§ Source data:
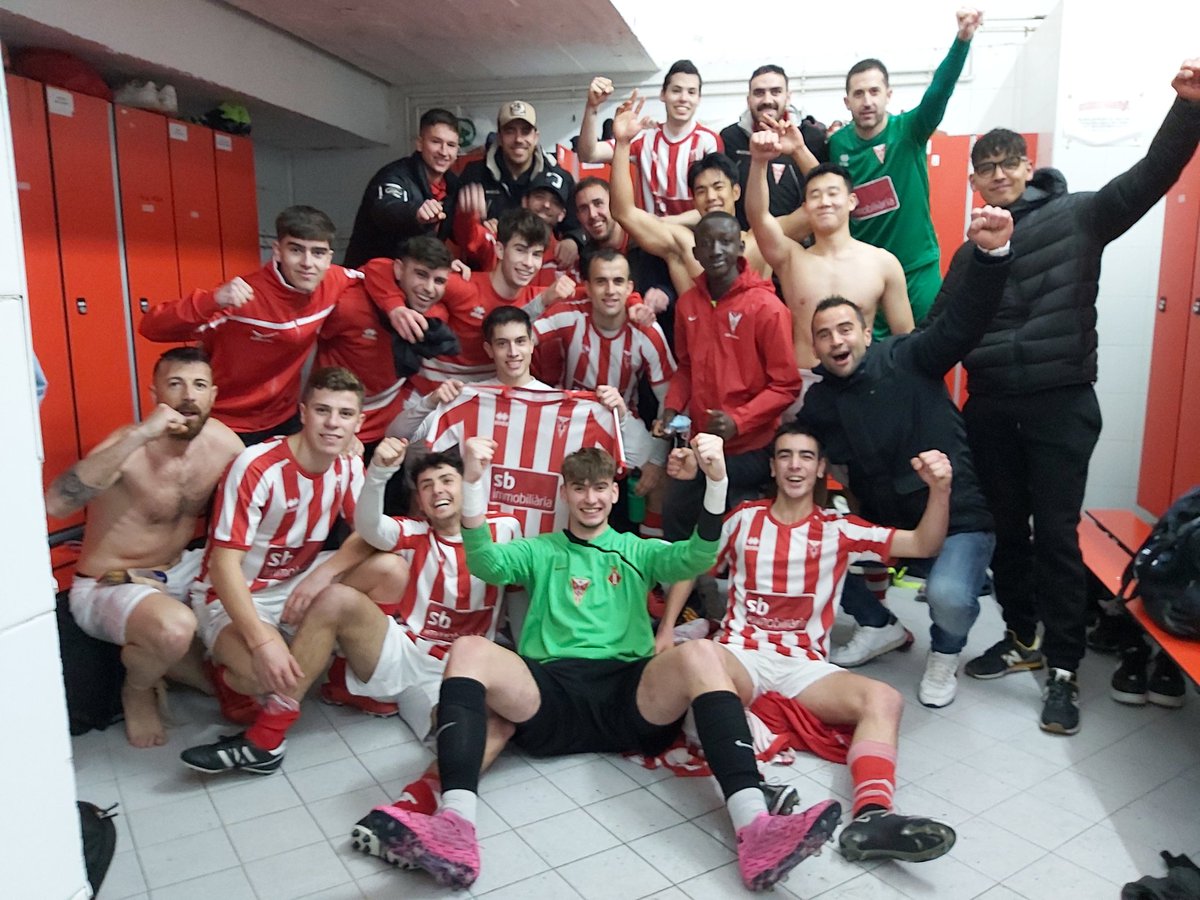 cdtortosa's tweet photo. ⚽️💪🏻 Ja estem al Play-Off!!!!!
CD TORTOSA 3 - UD Remolins Bitem 1
#2cat8b #FutbolCat #GolCat #Tortosa #TerresdelEbre https://t.co/7tL0TftN80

§ About this exercise: Reproduce the data word for word without its images.

§ Task result:
 cdtortosa's tweet photo. ⚽️💪🏻 Ja estem al Play-Off!!!!!
CD TORTOSA 3 - UD Remolins Bitem 1
#2cat8b #FutbolCat #GolCat #Tortosa #TerresdelEbre https://t.co/7tL0TftN80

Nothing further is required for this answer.